We are talking about transcranial direct current stimulation, which uses weak currents applied to the scalp. I have always been surprised that such tiny currents have any effect at all; see my editorial “What Does the Ratio of Injected Current to Electrode Area Not Tell Us About tDCS?” (Clinical Neurophysiology, Volume 120, Pages 1037–1038, 2009). My advice to the do-it-yourselfers is not so much “be careful” but rather “don’t get your hopes up.”

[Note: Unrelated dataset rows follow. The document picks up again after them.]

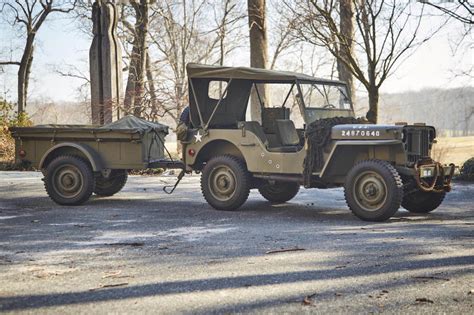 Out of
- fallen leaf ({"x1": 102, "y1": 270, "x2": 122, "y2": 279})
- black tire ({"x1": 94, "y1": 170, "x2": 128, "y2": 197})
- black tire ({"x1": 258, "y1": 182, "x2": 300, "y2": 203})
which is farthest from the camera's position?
black tire ({"x1": 94, "y1": 170, "x2": 128, "y2": 197})

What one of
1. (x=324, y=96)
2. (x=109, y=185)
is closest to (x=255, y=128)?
(x=324, y=96)

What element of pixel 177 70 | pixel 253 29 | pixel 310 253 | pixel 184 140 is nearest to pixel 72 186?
pixel 184 140

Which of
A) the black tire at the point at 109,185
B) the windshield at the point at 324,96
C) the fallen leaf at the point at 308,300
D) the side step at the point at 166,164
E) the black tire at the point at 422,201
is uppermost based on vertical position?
the windshield at the point at 324,96

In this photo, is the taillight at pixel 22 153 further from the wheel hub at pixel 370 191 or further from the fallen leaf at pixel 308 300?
the fallen leaf at pixel 308 300

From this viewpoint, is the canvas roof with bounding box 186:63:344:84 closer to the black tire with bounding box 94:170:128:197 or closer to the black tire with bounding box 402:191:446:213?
the black tire with bounding box 402:191:446:213

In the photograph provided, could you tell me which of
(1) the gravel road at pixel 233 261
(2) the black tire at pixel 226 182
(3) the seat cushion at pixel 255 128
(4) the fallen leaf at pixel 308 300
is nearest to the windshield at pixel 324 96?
(3) the seat cushion at pixel 255 128

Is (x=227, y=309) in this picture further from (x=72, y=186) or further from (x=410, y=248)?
(x=72, y=186)

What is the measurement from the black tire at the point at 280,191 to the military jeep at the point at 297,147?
0.02m

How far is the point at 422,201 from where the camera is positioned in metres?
10.0

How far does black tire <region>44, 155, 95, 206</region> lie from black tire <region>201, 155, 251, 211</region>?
2.15 metres

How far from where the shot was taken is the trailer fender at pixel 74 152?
1093cm

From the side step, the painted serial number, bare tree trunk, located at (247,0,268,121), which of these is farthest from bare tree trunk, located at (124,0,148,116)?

Of the four coauthors on the letter in Annals of Neurology, the only one I know is Alvaro Pascual-Leone, who I worked with while at NIH and who we cite several times in IPMB. Below I list the main points raised in the letter:
  • Stimulation affects more of the brain than a user may think 
  • Stimulation interacts with ongoing brain activity, so what a user does during tDCS changes its effects 
  • Enhancement of some cognitive abilities may come at the cost of others 
  • Changes in brain activity (intended or not) may last longer than a user may think 
  • Small differences in tDCS parameters can have a big effect 
  • tDCS effects are highly variable across different people 
  • The risk/benefit ratio is different for treating diseases versus enhancing function
What do I think of do-it-yourselfers in general? I have mixed feelings. Heaven help us if they start fooling around with heart defibrillators, which could be suicidal. For transcranial magnetic stimulation, I think the biggest risk would be the construction of a device that sends kiloamps of current through a coil. I have always thought that TMS is more dangerous for the physician (who often holds the coil) than for the patient. Moreover, the induced current in the brain is larger for TMS than for tDCS. I would be wary of do-it-yourself magnetic stimulation. But for D.I.Y.ers using relatively low-level electrical current applied to the scalp, if someone educates themself on the technique and follows reasonable safety recommendations, then I don’t see it as a problem.

Wexler ends her letter
The open letter this month is about safety. But it also a recognition that these D.I.Y. practitioners are here to stay, at least for the time being. While the letter does not condone, neither does it condemn. It sticks to the facts and eschews paternalistic tones in favor of measured ones. The letter is the first instance I’m aware of in which scientists have directly addressed these D.I.Y. users. Though not quite an olive branch, it is a commendable step forward, one that demonstrates an awareness of a community of scientifically involved citizens.
If you want to read more by Wexler, look here and here.

My final, and admittedly self-serving, advice to the D.I.Y.ers: go buy a copy of Intermediate Physics for Medicine and Biology, so you can learn the scientific principles behind this and other techniques.